__Exercise objective__:
Omit all pictures and transcribe only the lines in the entries below that run from the line with "The involvement of" through the line with "Hi friends. In".
== Records supplied ==
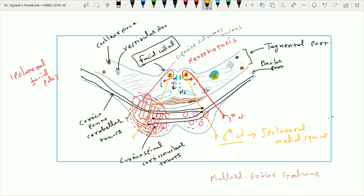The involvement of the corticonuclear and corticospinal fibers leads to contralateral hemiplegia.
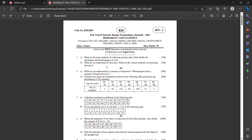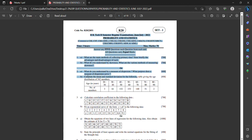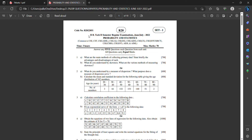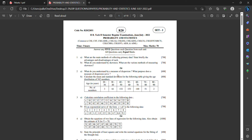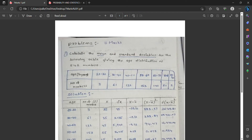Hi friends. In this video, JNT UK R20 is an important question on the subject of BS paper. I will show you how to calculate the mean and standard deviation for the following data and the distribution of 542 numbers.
===
== Records supplied ==
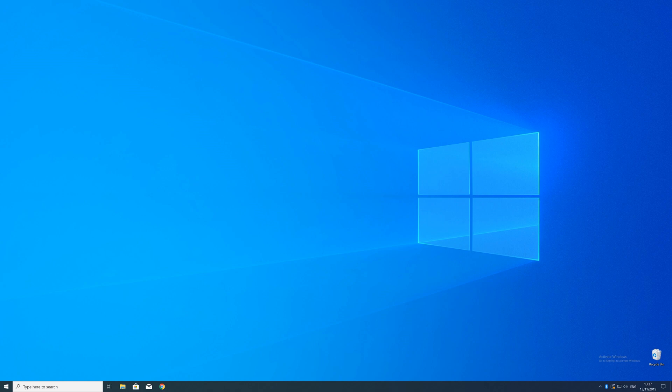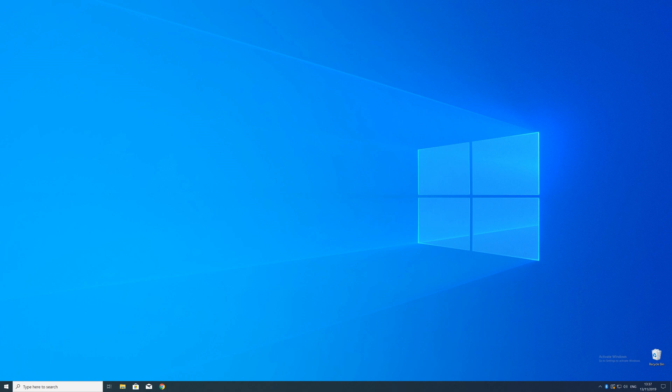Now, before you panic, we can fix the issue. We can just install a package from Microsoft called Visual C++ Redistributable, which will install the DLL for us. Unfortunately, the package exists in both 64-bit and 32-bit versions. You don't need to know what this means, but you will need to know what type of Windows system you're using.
===
== Records supplied ==
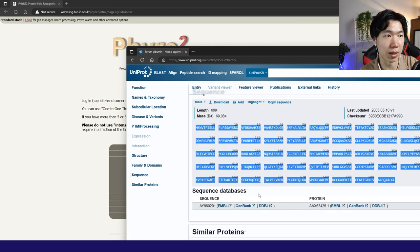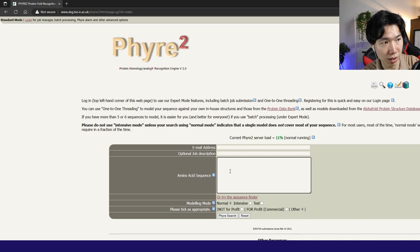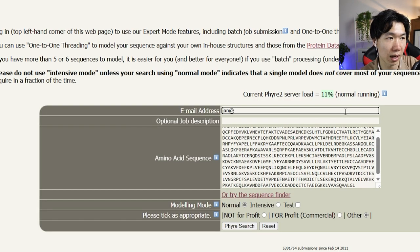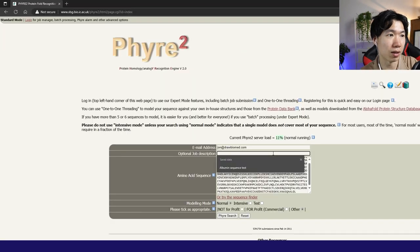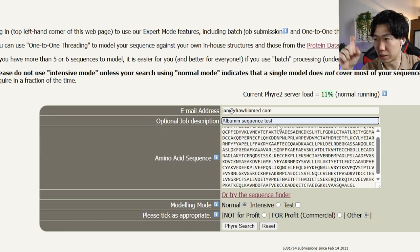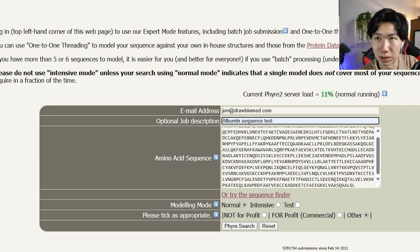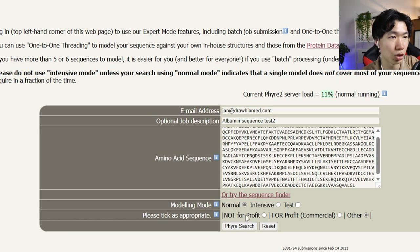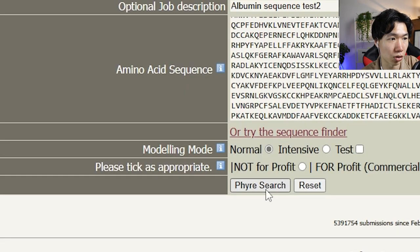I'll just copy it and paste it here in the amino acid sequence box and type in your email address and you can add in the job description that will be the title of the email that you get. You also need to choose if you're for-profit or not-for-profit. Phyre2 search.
===
__Solved problem__:
The involvement of the corticonuclear and corticospinal fibers leads to contralateral hemiplegia.
Hi friends. In this video, JNT UK R20 is an important question on the subject of BS paper. I will show you how to calculate the mean and standard deviation for the following data and the distribution of 542 numbers.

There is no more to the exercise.